AC power is like a trusty work-horse. DC is like a rhinoceros.
AC power is easy to manage because it reverses polarity 100 times a second, which means you have a zero-crossing for voltage and a zero-crossing for current (not necessarily at the same time). This means AC arcs tend to self-extinguish, and switching hardware has an easy time of it.
Higher voltage DC power has no zero-crossings. Thus, once an arc begins, it cannot be reasoned with, it does not know pity or remorse or fear and absolutely will not stop, ever, until your entire machine is magic smoke.
That was 600V. 230VAC will rectify into 325VAC, more than half that.
It won't make a hill-of-beans difference in heat
Rectified bouncy-ball DC is exactly the same power as regular old AC. As dandavis mentions, you would lose a tiny bit in diodes and devices (but then, heat is your objective).

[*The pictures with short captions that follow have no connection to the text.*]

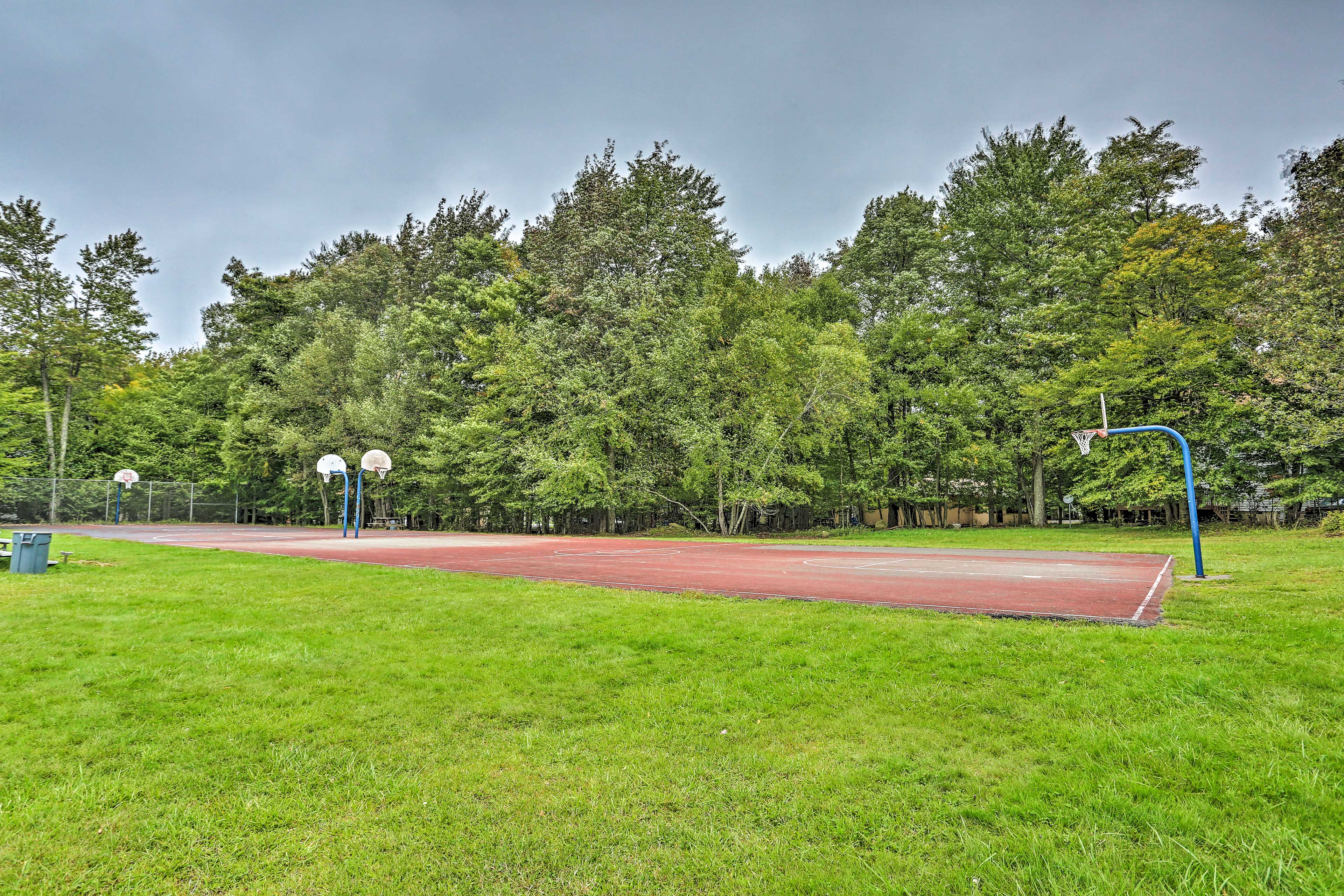 Community Amenities | Basketball Court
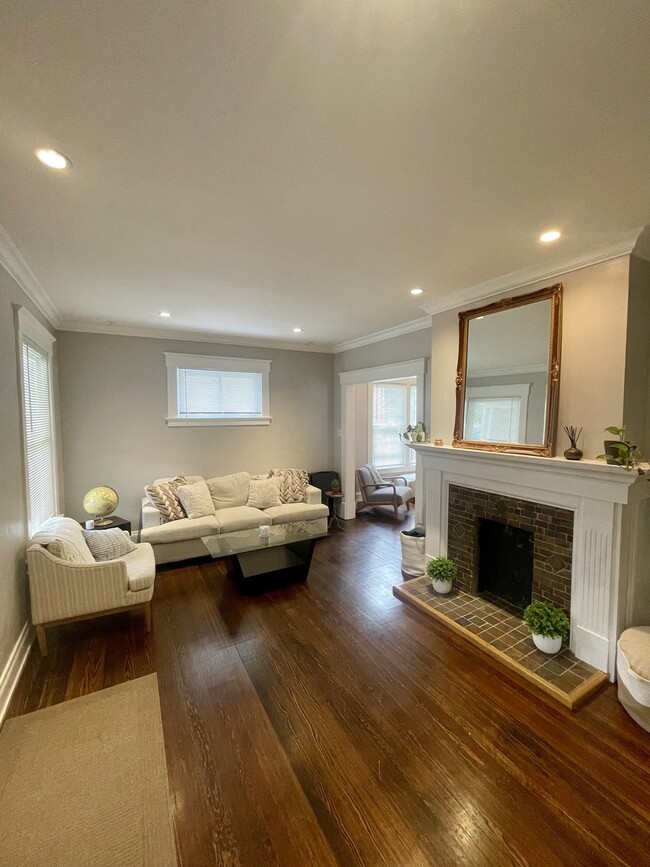 Building Photo - 6765 Palmetto St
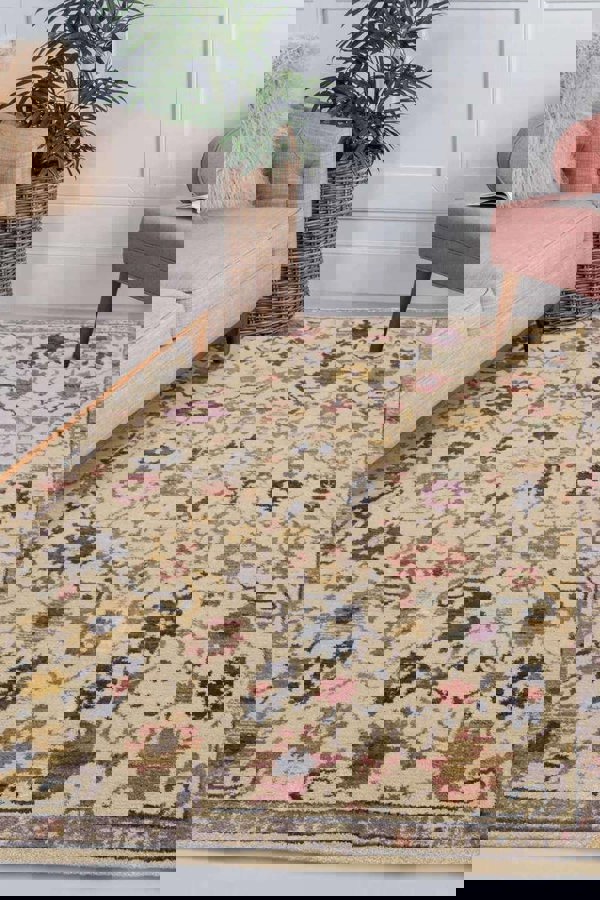 Traditional Floral Vintage Rug – Grey, Blue & Beige Elegance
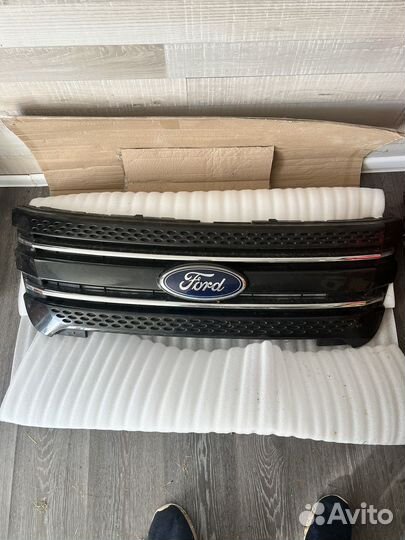 Решетка радиатора Ford explorer 5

Making it DC doesn't make it more controllable
As discussed, less controllable. You're thinking "MOSFET" because that's the tech you're familiar with. But AC has its own tech that's just as good if not better -- the triac.
Look at any random $12 AC light dimmer. It is a triac. This is extremely simple and cheap because the triac doesn't need to interrupt AC power - the AC zero crossing will switch the triac off automatically.
The dimmer only turns the triac on.
Since a power half-cycle is 10ms (8.33 in 60Hz land), you can simply wait n milliseconds from zero to turn the triac on, with "n" being the variable. It's not linear - you must think of the power content underneath the sinewave - but it's easy.
Of course, this degrades your power factor, so you may want to think about that.